As I look at married couples all around, in grocery stores, shopping malls, or baby shops, I wonder if they really love each other. I wonder if they ever planned their old age days, did they plan anything at all after their honeymoon and kids?

Marriage

I am going to attend my uncle’s wedding. It is an arranged one. All the relatives and the friends are invited and a grand party will be organized. Everyone will wear fancy, attractive and expensive dresses and dance, enjoy, have good food and then set back to their respective homes. Bride and groom, after many hectic days, would prefer to sleep and then more rituals will follow. Eventually, both of them will get used to it and apply this “getting used to” philosophy for rest of their lives.

In India, most people marry in the same way. Some get lucky enough and find their love of life in the person they marry, but most of them end up having forced, monotonous and most of the time, a miserable life. However, they stick wide smiles on their faces, trying to validate the theory of our ancestors that “for the sake of society, marry someone who belongs to the same caste, religion, has good job and family background, and love will happen eventually”. Why don’t people understand that we can’t arrange marriages, they get arranged by themselves when the correct time and person arrives. Marriage is an important affair and it involves the person with whom we have to share the rest of our lives with.

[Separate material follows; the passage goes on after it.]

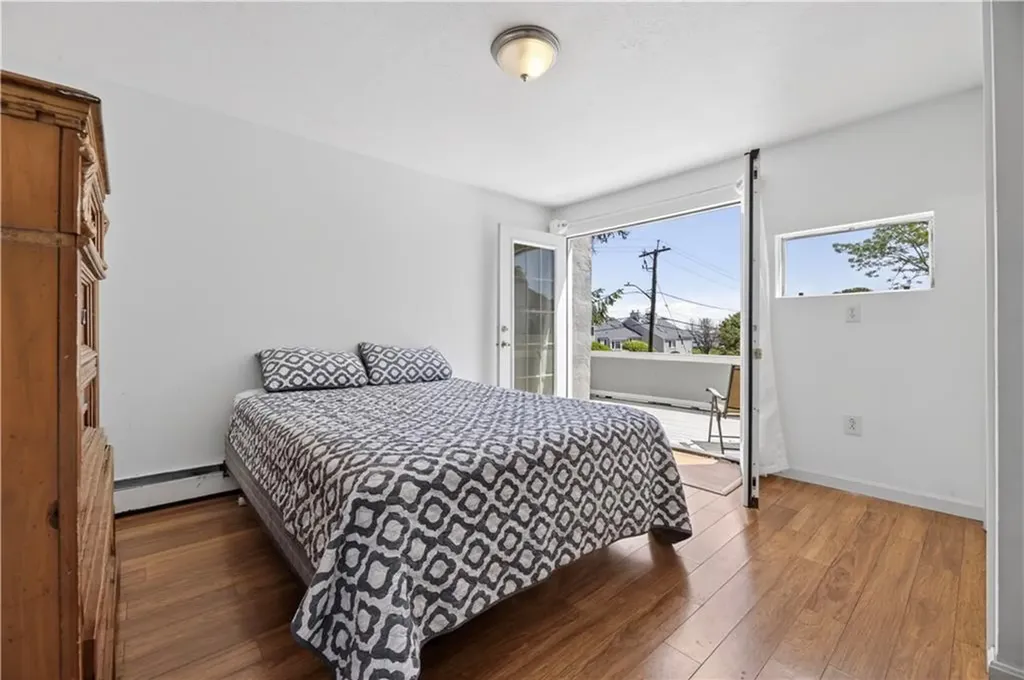 16 Courtway Street Narragansett RI 02882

How could we take such a big decision by referring to some papers or consulting priests? Our life is not about the alignment of stars, it is about us, people around us, our objectives, believes, habits and families. We consider betting in sports as a serious crime, then why do we bet our lives in the institution of marriage?

We will have to change the definition of successful marriages. It should not be about big fat weddings or “no divorce” marriages or couple with children doing fine. It should be about couples falling in love everyday and growing old together not because they have to, but because they want to.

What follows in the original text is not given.